Çatalhöyük East, TP Area, Space 327 (TP.O level). Body part representation of stone marten found in the burial chamber, marked in gray. Pine marten used as template (drawing Michel Coutureau (Inrap), following Cassandre Barraquand, Atlas radiographique et ostéologique de la martre (Martes martes) et de la fouine (Martes foina), Toulouse, 2010). A1–A5: sets of articulated elements; NA specimens found with no articulation; arrows indicate cut marks

Fig. 9

Calibration plots showing calendar age ranges, generated using the Oxcal computer program (v4.2) by C. Bronk Ramsey with the INTCAL09 dataset (Radiocarbon 51 (4), 2009)

Although stone marten remains were found in nine flotation samples, they occurred in greater quantities in one sample (8683.s23) (Table 2). This sample is associated with the almost completely preserved skeleton of an infant (unit 17622) located in the southeast part of the burial chamber.

Red fox

Foxes are represented by five elements (NISP = 6) (Table 2). All specimens agree well with the morphology of the red fox, exemplified by the long and curved character of the canine crown (15839.F483). An isolated upper tooth (M1; 15839.F229 and .F512) comes from a juvenile individual, while other specimens are from adults (Table 9). The first phalange was radiocarbon dated (7415 ± 40 BP, OxA-27310) since it was the sample from the lowest part of the infills that met the criteria for usefulness (Fig. 9).
Table 9

Çatalhöyük East, TP Area, Space 327 (TP.O level). Characteristics of red fox and common weasel specimens found in the burial chamber. GID specimen number, NISP number of identified specimens, MNE minimum number of elements

GID

Element

Symmetry

NISP

MNE

Comments

Red fox (Vulpes vulpes)

 15839.F483

Lower C

Right

1

1

Half of crown and root preserve

 15839.F229 and 512

Upper first molar

Left

2

1

Tooth bud; juvenile

 15839.F443

Patella

Left

1

1

Complete

 15839.F497

Patella

Right

1

1

Complete

 15839.F444

Phalanx I

1

1

Complete

Common weasel (Mustela nivalis)

 15839.F262

Mandible with tooth (P4)

Left

1

1

Complete; P4 erupting; juvenile

 15839.F263

Mandible with tooth (P4)

Right

1

1

Complete; P4 erupting; juvenile

Common weasel

The size and morphology of the completely preserved mandibles (NISP = 2), which are also the only elements present in the assemblages, allow them to be identified as belonging to common weasels (Table 9). In both cases, the fourth premolar is erupting, indicating the juvenile age of the individual (MNI = 1)—most likely 8–10 weeks of age (King and Powell 2007).

Discussion

Taxonomic significance

The carnivore assemblage from the burial chamber in the TP Area at Çatalhöyük consists of stone martens, red foxes, and common weasels—species that have been previously noted at the site. However, common weasels, for example, have been positively identified in a small number of cases (comprising 2% of the total taxa in the microfauna assemblage, according to Jenkins (Jenkins 2005), and less than 0.05% in the faunal analysis by Russell et al. 2013), all exclusively from earlier levels. Thus, our results extend the knowledge regarding the contribution of small carnivores to the faunal composition of the Late Neolithic.

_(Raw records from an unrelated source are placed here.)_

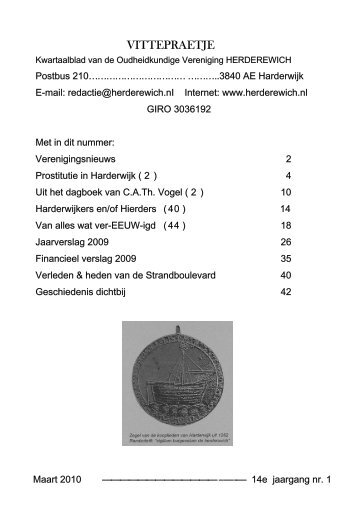 Vittepraetje no. 1-2010 - Oudheidkundige Vereniging Herderewich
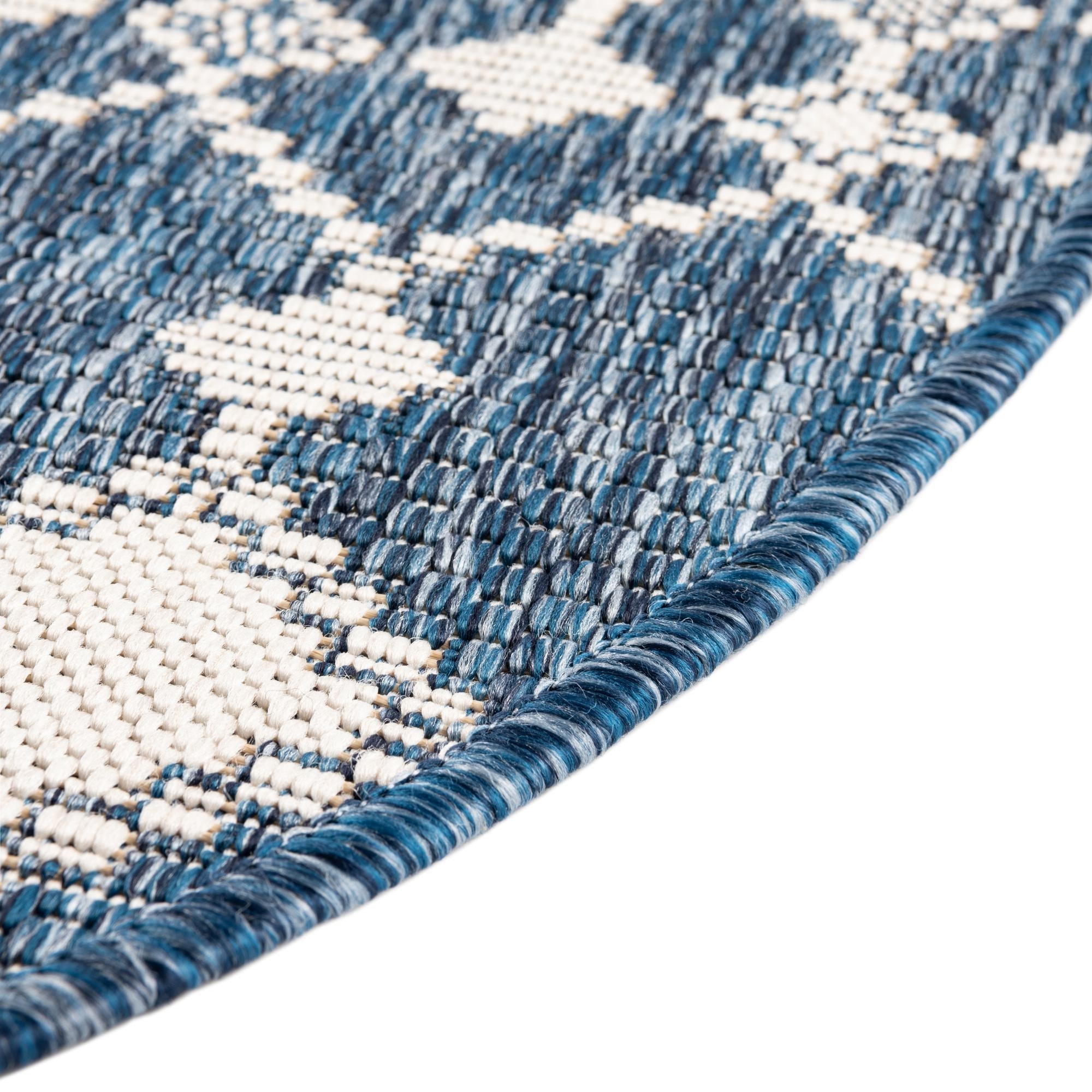 Seaside Lattice Collection Area Rug -  Veranda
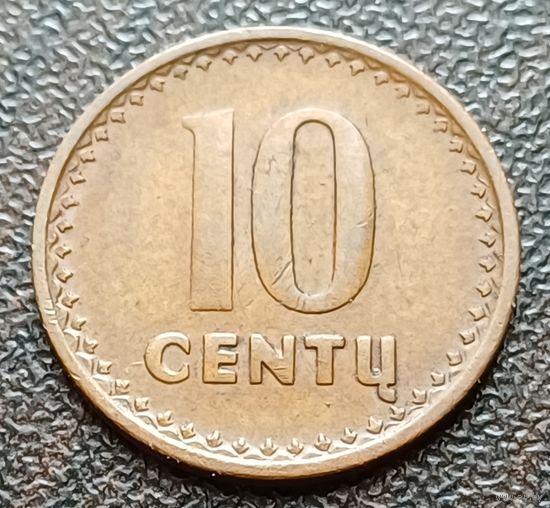Литва 10 центов, 1991    ( 1-1-7 )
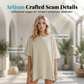🌺Lockeres Damen Oberteil – U-Boot-Ausschnitt, Einfarbig & Bequem ☁️ Für Sommer & Alltag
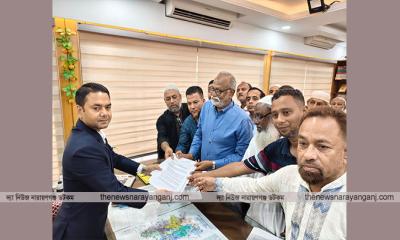 গাজীর দখল থেকে মাদ্রাসার জমি দখলমুক্ত করতে তৈমূরের স্বারকলিপি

Stone marten remains can be easily misidentified as belonging to pine martens (or even other mustelids). In our results, the morphological features and metrical data for the cranial parts and metapodials—where the completeness of the specimens is striking—allow us to conclude with certainty that they came from stone martens. This is best illustrated by the distance between both oval mental foramens of the mandible (2.1 mm), which clearly falls into the stone marten range (2.0–3.4 mm) and outside the pine marten range (5.9–9.6 mm) (Anderson 1970). This feature is very distinctive and useful in species identification, since the ranges for these two species do not overlap and are thus mutually exclusive. In addition, the metapodials of the stone marten are proportionally shorter and stouter (Anderson 1970), as is the case here, than for the pine marten. In addition, the size of the metacarpals corresponds to that of an average-sized stone marten (Anderson 1970).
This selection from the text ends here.